The Celtics' winning margin was 13.8 points in the last five games, thanks partly to point guard Rajon Rondo's play. Rondo scored 15, 18, 13, 15, and 22 points in those games, after averaging 7.1 points in the first 11 games of the season. Last night the Celtics were a +17 with Rondo on the floor. "He's got to keep doing it every night," Rivers said. "Three good games don't make a career. You have to do it three, four, five years in a row - now you've established yourself." "He is a throwback, in some ways," Rivers said. "He uses his speed and his mind-set is to set up teammates. He's young, but forget about their age with Rondo and [Glen Davis] - you have to push them every day and you have to understand they are young and they will grow."
Back on November 9th of last year, I started the unofficial Doc Rivers Bandwagon right here on my humble blog. In that piece I called Doc Rivers a master motivator, and I've stuck to that story ever since.
It's easy to dismiss that post as the early rantings of a Mad Man (me, Lex).
What's important to keep in mind here is not that I lucked out and called it right. But that one of my core beliefs was borne out again. Not core beliefs about the Boston Celtics in general or about Doc Rivers and coaching in particular. Just one of my core beliefs about life.

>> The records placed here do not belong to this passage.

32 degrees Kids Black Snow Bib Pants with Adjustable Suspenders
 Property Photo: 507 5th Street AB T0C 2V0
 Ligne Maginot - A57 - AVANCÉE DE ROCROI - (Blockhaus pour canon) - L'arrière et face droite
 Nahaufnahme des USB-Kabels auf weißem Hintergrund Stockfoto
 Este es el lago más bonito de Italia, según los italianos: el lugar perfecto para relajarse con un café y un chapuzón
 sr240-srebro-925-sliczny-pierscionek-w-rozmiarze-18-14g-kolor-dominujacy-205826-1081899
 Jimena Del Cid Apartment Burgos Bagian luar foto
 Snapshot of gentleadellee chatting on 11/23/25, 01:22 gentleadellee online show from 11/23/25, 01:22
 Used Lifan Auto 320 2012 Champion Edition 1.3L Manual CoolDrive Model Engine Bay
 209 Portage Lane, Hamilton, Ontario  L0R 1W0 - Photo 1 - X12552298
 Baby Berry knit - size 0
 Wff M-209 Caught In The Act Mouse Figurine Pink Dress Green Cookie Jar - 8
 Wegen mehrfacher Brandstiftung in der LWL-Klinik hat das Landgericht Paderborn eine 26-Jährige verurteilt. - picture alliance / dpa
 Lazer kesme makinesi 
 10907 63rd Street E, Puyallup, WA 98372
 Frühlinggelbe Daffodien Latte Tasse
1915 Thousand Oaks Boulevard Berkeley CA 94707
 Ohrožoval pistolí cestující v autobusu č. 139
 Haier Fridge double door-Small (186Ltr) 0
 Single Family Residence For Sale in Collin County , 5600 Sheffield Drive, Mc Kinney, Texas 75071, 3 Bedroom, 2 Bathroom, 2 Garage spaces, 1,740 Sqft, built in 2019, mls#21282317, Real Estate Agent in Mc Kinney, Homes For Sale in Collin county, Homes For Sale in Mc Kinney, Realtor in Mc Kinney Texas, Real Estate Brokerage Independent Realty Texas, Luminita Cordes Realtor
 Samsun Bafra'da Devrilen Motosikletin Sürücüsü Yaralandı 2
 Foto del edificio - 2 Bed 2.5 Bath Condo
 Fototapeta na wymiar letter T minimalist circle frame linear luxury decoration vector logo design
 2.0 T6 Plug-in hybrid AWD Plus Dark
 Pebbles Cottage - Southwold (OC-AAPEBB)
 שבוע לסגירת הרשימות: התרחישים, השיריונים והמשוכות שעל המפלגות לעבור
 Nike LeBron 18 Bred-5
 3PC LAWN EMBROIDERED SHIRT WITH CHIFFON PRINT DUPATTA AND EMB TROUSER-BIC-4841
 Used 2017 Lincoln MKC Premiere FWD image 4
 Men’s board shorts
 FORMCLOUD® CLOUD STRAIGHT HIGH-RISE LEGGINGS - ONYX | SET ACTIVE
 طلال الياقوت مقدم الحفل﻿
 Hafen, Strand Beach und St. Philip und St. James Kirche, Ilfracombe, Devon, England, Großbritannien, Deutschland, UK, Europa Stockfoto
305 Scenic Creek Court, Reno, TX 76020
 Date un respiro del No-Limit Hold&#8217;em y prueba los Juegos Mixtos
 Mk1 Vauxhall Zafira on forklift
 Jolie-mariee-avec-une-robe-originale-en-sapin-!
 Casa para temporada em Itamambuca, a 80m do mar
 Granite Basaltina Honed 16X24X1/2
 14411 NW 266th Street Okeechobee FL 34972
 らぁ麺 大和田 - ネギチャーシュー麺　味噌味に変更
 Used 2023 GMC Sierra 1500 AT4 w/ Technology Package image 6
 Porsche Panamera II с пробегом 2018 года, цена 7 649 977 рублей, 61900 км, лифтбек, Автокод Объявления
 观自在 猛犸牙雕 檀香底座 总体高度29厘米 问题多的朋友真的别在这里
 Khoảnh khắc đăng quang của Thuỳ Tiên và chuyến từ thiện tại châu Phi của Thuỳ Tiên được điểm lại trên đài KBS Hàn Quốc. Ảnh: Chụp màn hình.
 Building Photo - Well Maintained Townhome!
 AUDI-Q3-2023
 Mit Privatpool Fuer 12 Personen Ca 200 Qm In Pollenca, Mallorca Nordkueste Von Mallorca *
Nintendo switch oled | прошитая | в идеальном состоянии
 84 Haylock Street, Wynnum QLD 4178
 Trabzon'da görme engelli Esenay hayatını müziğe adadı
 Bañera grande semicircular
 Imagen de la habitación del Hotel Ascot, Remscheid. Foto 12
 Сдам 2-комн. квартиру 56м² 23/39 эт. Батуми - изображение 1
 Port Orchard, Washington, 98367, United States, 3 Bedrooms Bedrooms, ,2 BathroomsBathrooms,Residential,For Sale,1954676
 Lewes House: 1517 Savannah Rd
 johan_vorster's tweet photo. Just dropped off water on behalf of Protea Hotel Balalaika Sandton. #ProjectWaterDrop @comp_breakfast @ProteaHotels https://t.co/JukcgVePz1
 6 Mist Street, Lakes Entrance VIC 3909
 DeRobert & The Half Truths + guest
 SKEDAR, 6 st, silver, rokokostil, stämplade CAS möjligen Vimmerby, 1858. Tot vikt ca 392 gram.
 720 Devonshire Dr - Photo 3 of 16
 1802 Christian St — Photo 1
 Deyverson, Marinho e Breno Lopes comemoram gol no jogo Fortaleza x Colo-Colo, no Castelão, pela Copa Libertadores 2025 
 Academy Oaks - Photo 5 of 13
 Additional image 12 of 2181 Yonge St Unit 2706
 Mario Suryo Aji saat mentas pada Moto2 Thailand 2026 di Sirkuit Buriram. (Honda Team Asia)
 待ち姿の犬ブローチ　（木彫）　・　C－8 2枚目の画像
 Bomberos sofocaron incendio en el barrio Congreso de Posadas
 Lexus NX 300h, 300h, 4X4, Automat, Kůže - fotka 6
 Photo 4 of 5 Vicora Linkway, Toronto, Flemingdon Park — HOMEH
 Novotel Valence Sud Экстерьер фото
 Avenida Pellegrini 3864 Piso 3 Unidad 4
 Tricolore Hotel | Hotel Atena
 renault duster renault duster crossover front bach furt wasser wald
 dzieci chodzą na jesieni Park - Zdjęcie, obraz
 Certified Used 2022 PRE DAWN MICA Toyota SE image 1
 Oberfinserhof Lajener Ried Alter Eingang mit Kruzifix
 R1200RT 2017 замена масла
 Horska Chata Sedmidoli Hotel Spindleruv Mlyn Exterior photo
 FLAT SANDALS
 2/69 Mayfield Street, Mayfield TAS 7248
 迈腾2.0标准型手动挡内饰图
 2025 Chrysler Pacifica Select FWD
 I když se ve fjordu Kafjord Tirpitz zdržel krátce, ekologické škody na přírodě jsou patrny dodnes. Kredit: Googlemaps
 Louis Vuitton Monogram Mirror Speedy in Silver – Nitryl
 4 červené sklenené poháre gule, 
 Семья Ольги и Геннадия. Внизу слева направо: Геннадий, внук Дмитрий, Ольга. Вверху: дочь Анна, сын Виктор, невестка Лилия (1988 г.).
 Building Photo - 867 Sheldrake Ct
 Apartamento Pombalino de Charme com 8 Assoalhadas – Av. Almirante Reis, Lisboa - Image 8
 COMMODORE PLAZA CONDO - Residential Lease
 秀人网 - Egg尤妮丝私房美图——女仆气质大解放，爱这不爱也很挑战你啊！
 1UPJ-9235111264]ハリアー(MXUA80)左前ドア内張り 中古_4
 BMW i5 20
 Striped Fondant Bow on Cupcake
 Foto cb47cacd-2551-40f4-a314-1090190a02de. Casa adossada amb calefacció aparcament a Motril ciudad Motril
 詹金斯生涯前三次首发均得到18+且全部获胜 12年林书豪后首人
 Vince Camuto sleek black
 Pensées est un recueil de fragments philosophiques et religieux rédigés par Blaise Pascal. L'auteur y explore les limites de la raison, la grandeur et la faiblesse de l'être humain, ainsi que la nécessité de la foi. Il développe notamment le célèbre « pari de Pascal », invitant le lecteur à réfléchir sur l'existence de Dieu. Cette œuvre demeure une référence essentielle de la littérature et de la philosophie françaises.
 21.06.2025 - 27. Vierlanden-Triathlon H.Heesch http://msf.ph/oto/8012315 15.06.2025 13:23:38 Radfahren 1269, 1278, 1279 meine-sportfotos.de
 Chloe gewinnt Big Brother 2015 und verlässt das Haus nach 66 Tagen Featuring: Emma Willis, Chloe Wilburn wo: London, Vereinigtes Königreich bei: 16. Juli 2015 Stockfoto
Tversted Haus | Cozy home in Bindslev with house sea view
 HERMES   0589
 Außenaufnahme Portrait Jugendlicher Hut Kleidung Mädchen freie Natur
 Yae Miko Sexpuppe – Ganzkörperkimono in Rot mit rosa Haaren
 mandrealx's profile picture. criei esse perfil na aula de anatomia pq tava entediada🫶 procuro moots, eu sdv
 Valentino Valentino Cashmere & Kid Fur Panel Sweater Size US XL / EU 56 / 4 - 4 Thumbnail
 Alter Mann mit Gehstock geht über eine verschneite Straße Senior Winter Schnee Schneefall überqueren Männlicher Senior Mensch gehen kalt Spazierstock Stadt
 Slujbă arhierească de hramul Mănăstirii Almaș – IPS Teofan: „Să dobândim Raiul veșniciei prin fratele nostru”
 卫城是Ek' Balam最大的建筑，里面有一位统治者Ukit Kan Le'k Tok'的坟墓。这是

Doc Rivers was a much-maligned coach heading into last season, notwithstanding his Coach of the Year honors with Orlando. I'm sure we've all had bosses who've doubted our abilities. But put in the right circumstances, almost every one of us would shine.
From the moment KG and Ray-Ray joined the C's, Doc said he welcomed the expectations that came with their arrival. Now we know why.
Doc Rivers knew what he was capable of, and the light he shined on the empty wall at the practice facility was just the starting point. Come to think of it, no, it wasn't. The pre-season Duck Boat ride was the starting point.
Getting Rajon Rondo back on track is the most recent example.
I'm glad Doc got a chance to show his stuff.